Lead researcher Dr Qiang Jiang, a Curtin PhD graduate from Curtin’s School of Earth and Planetary Sciences, said the findings were vital to understanding how to prevent future climate disasters.

“Earth’s biological cycle has been punctuated by catastrophic mass extinctions, some of which wiped out 90% of all species,” Dr Jiang said.

“The main culprit of these rapid environmental crises were massive volcanic eruptions. What had been puzzling scientists is that some of these gigantic eruptions resulted in severe extinctions, while others only resulted in minor environmental disturbances. We set out to discover why.

“An example of a less-deadly supervolcano is the Kerguelen large volcanic province- an enormous body of lava in the southern Indian Ocean three times the size of France. Its sheer area and volume makes it the second largest series of super volcanic eruptions since complex life began on Earth some 540 million years ago.

“Despite the enormous volumes of outpouring lava, it was not previously believed to be associated with any environmental catastrophe.”

Co-researcher Professor Fred Jourdan, Director of the Western Australian Argon Isotope Facility at Curtin University, said new experiments revealed that the Kerguelen province was linked to a comparatively minor global oceanic anoxic event, a time when large expanses of our oceans were depleted in oxygen.

“We used the argon-argon dating technique to date the Kerguelen lava flows, by analysing a series of black basaltic rocks drilled from the bottom of the sea floor,” Professor Jourdan said.

“The new age data revealed that the Kerguelen eruptions were, in fact, active right across the global oceanic anoxic event 120 million years ago.
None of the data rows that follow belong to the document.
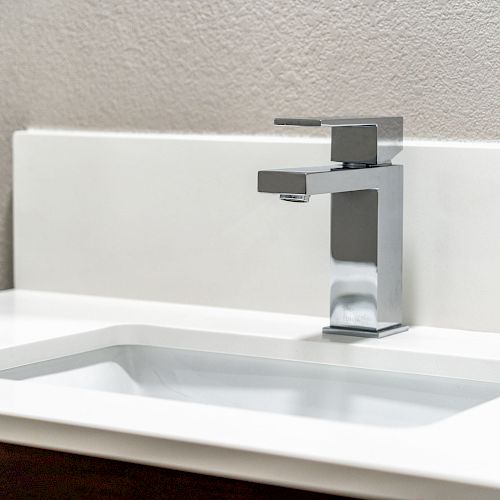 The image shows a modern bathroom sink with a sleek, rectangular chrome faucet on a white countertop, set against a neutral wall.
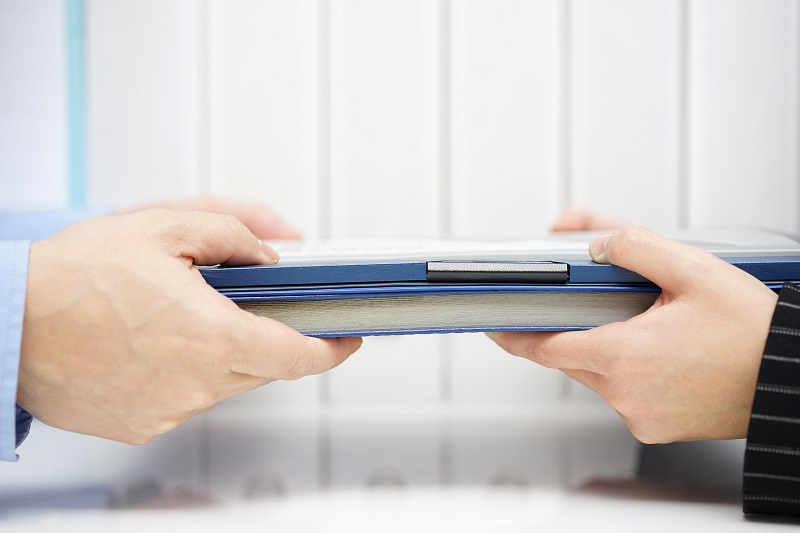 a pair of hands holding a book.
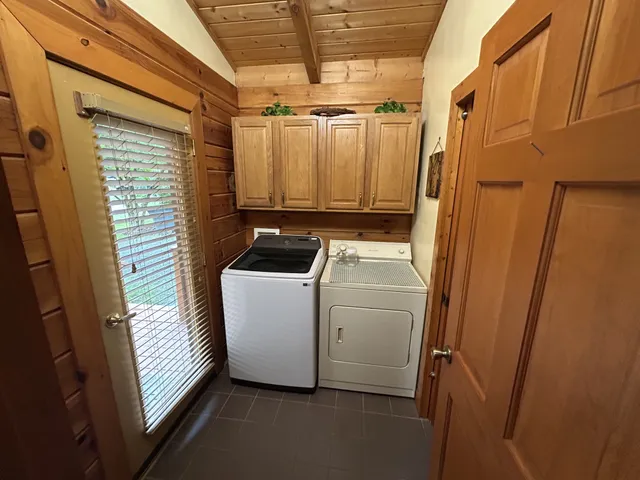 a view of a dining room with furniture and window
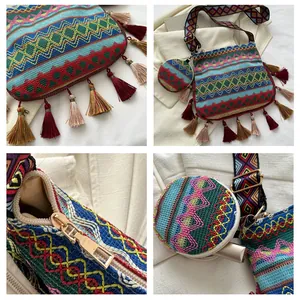 Detailed view of bohemian embroidered shoulder bag with tassels and matching small pouch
But while they may have rapidly degraded the environment for marine organisms, it did not lead to a deadly mass extinction.”

Co-author Dr Hugo Olierook, also from Curtin’s School of Earth and Planetary Sciences, said the amount and rate of carbon dioxide emitted by Kerguelen could explain why these enormous super volcanic eruptions made a comparatively small dent in our environmental and biological cycle.

“Other deadly supervolcanoes wiped out life primarily through rapid release of enormous volumes of carbon dioxide. Perhaps the Kerguelen eruptions emitted much slower or much less carbon dioxide, or both,” Dr Olierook said.

“We studied droplets of magma trapped within crystals in lava to investigate the amount and rate of CO2 released from the Kerguelen supervolcanoes and found they emitted at least five times less CO2 and at a rate 30 times slower than volcanic eruptions that wiped out entire lifeforms.

“Earth naturally has mechanisms by which carbon dioxide is taken out of our atmosphere and oceans and stored in rocks and soil, but these processes are gradual over hundreds of thousands of years and work only when the rate of emissions is moderate.

“However, alarmingly our calculations also show that we are now currently emitting carbon dioxide 200 times faster than those supervolcanic eruptions that caused the most severe mass extinctions.”

Dr Jiang said these findings from the past could inform how we combat climate change now and in the future.

“Archives from the past clearly show that slowing down carbon dioxide emissions is crucial to mitigate Earth’s climate change and avoid potentially disastrous consequences that are projected based on current human-induced emissions.”

The research team includes researchers from Uppsala University in Sweden and the Commonwealth Scientific and Industrial Research Organisation in Perth.

The research paper, ‘Volume and rate of volcanic CO2 emissions governed the severity of past environmental crises’ was published in Proceedings of the National Academy of Sciences.